Exact copies of the lines below, from the one with "So we learned" up to and including the one with "Okay. So, that", are what this calls for; leave out pictures.
START Data for this task
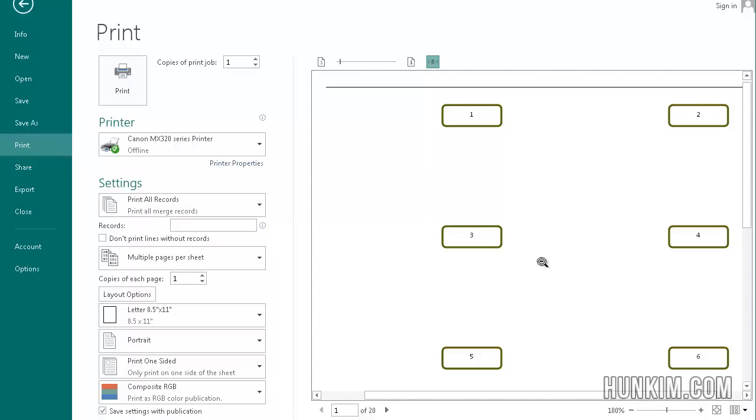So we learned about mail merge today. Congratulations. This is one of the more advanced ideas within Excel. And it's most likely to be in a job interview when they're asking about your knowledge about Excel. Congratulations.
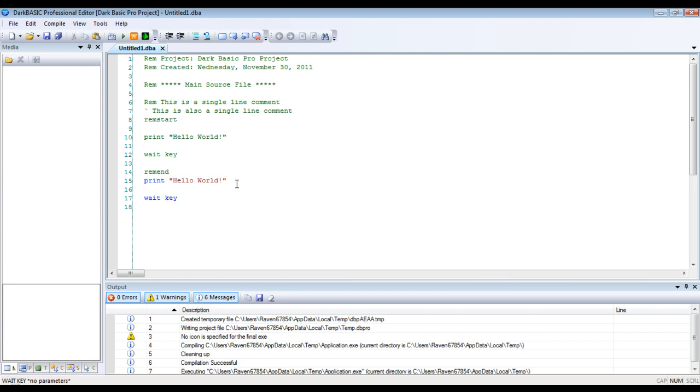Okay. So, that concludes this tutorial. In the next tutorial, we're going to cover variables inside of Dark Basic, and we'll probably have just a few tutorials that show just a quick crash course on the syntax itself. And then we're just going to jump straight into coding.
END Data for this task
START Data for this task
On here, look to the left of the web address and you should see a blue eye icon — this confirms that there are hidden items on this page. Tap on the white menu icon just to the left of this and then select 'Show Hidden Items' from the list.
END Data for this task
■ Result for this exercise:
So we learned about mail merge today. Congratulations. This is one of the more advanced ideas within Excel. And it's most likely to be in a job interview when they're asking about your knowledge about Excel. Congratulations.
Okay. So, that concludes this tutorial. In the next tutorial, we're going to cover variables inside of Dark Basic, and we'll probably have just a few tutorials that show just a quick crash course on the syntax itself. And then we're just going to jump straight into coding.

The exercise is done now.